“So, the beginning of this was a wom(x)n and she had just come back from burying the dead.”
Zora Neale Hurston, Their Eyes Were Watching God
“Nothing mattered much. Nothing much mattered. And the less it mattered the less it mattered. It was never important enough. Because Worse Things had happened. In the country that she came from, poised forever between the terror of war and the horror of peace, Worse Things kept happening.”
Arundhati Roy, The God of Small Things
There is a harrowing wail ebbing from the pit of my stomach and I do not know how to silence it. There is a crippling terror that has a hold of my body and I do not know how to settle it. There is a war being waged against the most vulnerable in this country and we are the only ones counting the lives lost and mourning for them. Violence is our nation’s anthem, and “text me when you get home” the national prayer of the femme and preferably unheard. That incoming message we wait in bated breath for; “made it home okay” our not always guaranteed amen. Nkosi mayishe iAfrika.
Some weeks back I was walking home after work, my only company the darkness and my singing out loud voice, and my only audience the high walls and electric fences of Craighall Park. A car pulled up some way in front of me on the dimly lit street and a figure got out of the passenger seat, my steps began to slow and runrunrunrunrunrunrun buzzed in my head.
I stood hesitant configuring emergency exit strategies in my head, doing higher grade equations of survival. It was only after I had removed my earphones, recognized the voice calling out baby and the shape of the figure’s head through the darkness that my heart began to slow as I realized it was my partner and not some stranger come to steal me away in the night. Before this realization, however, “I was the only witness to this event; my body its memory. My body its memory: to share a memory is to put a body into words” (Ahmed, 2017, pg. 23).

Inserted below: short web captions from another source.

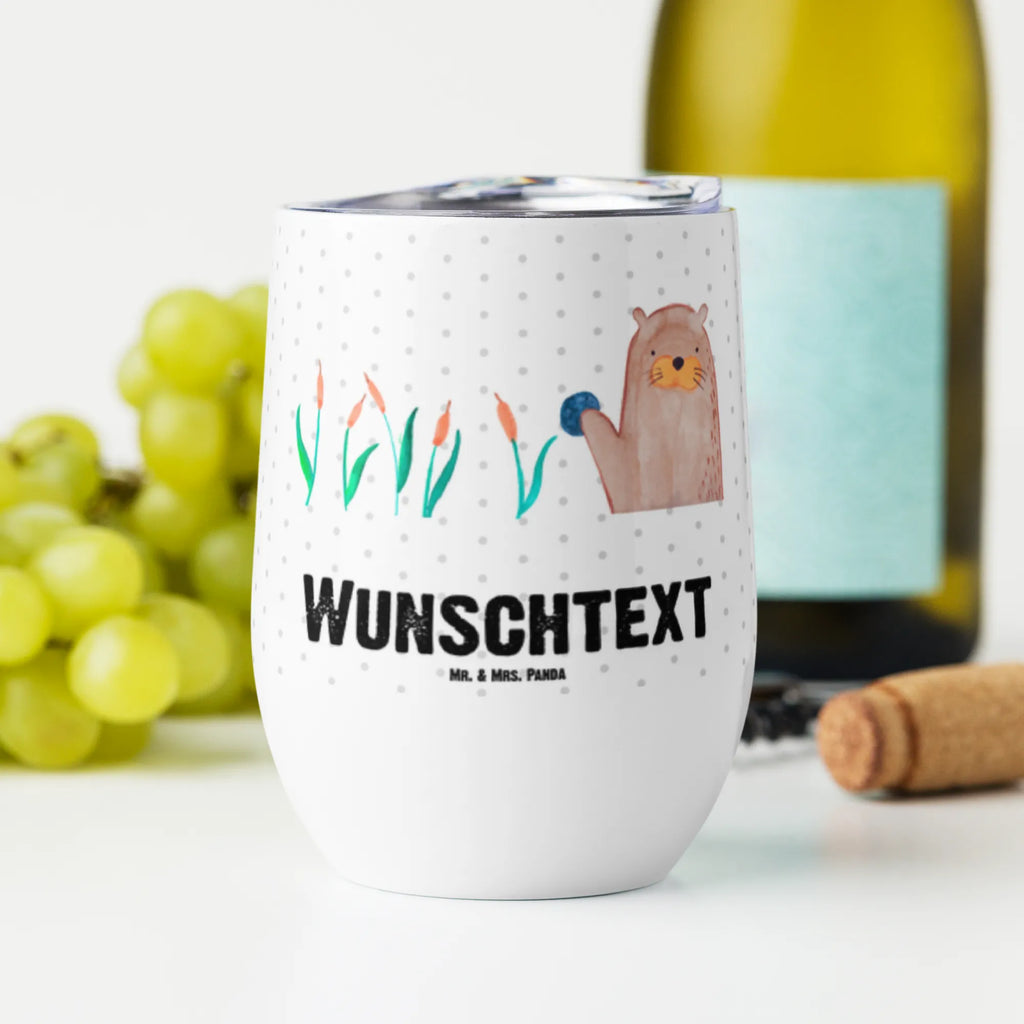 Personalisierter Weinbecher Otter mit Stein Mundgeblasenes Weinglas Mit Namen, Umweltfreundliches Weinglas Mit Namen, Weinglas Für Zuhause Mit Namensgravur, Modernes Weinglas Mit Wunschname, Rustikaler Weinbecher Mit Namen, Öko Weinglas Mit Namensdruck, Klassisches Weinglas Mit Namensgravur, Weinglas Mit Initialen, Spülmaschinenfestes Weinglas Mit Gravur, Trinkbecher Wein Mit Namen, Weinbecher Für Camping Mit Namensgravur, Weinbecher Mit Deckel Und Namen, Universalglas Mit Namensgravur, Weinbecher Mit Namen, Personalisierter Weinbecher, Becher Aus Edelstahl Für Wein Mit Namen, Kunststoff-Weinglas Mit Namen, Becher Für Wein Mit Namensdruck, Weinglas Mit Namensgravur, Kelchglas Mit Wunschname, Reise-Weinbecher Mit Namen, Thermo-Weinbecher Mit Namensaufdruck, Weinbecher Für Picknick Mit Namen, Kristallglas Weinglas Mit Wunschname, Weinbecher Aus Edelstahl Mit Namen, Bambus-Weinbecher Mit Wunschname, Acryl-Weinbecher Mit Namensgravur, Weinglas Für Party Mit Wunschname, Stapelbares Weinglas Mit Namen, Otter, Fischotter, Seeotter, Otter Seeotter See Otter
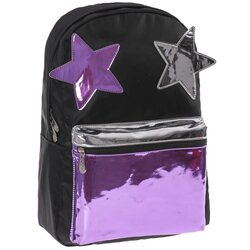 Play Pop trend, ranac, Purple star Cene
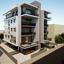 2 bedroom apartment for sale agia zoni limassol 7732778 thumbnail 15906170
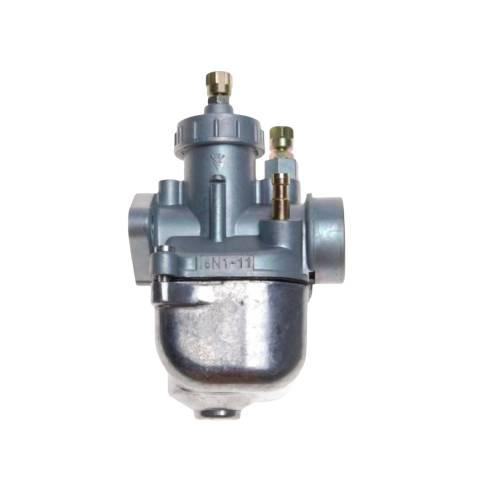 Gaźnik simson s51 bvf 16n1-11 s70 hd72 | SN30017 - zdjęcie 4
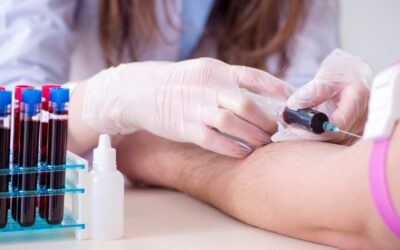 Are you paying attention to these predictive preeclampsia blood tests?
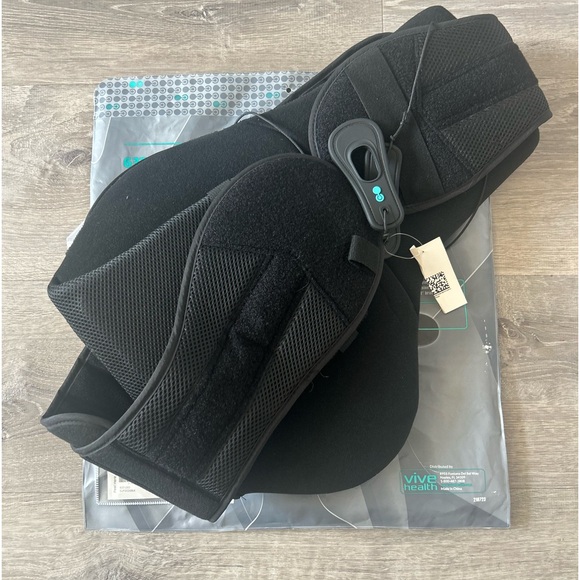 brand new coretech by vive health 637 LSO - Picture 4 of 5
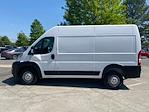 Used 2019 Ram ProMaster 1500 High Roof Upfitted Cargo Van for sale #A1P-49763 - photo 3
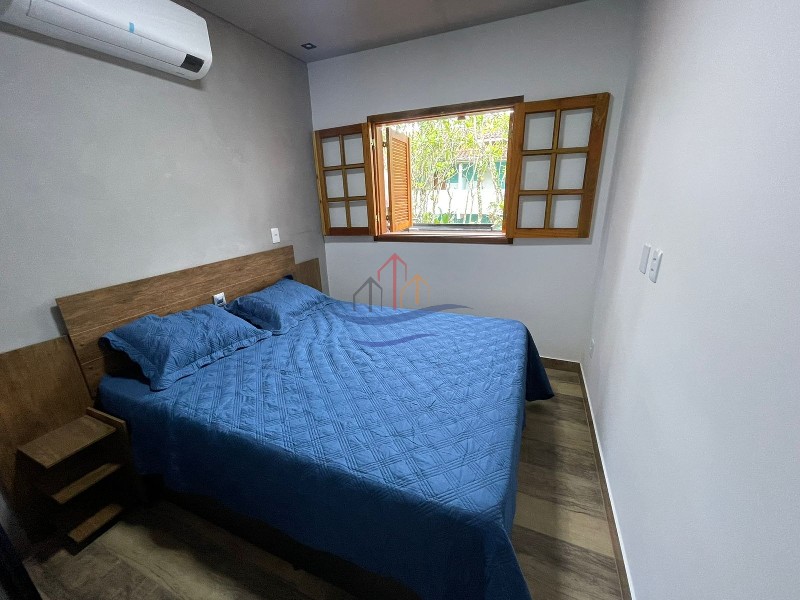 Apartamento à venda com 2 quartos, 50m² - Foto 22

What words figure the femme body in the tapestry of South Africa’s violent patriarchal national imagination? What possibilities of language do we have to talk about our lives and embodied experience that do not flow from fear’s family tree? Stranger danger a constant noose around our necks. There is nothing sacred about the mathematics of being made through gender, especially when one is being made ‘girl’, what Sara Ahmed calls in Living a Feminist Life “girling”.
Becoming a girl here is about how you experience your body in relation to space; “a body in touch with the world, a body that is not at ease in the world; a body that fidgets and moves around. Things don’t seem right” (Ahmed, 2017, pg. 23). Often when engaging with the politics of gender and gendering, we speak about them as theoretical abstractions that exist outside of our embodied experience and psyches. We dilute and make sterile with academic trick-speak the chaotic, confusing and tearing asunder affective geographies of being orientated in the world through your body; how you are seen and not seen, however, without your consent.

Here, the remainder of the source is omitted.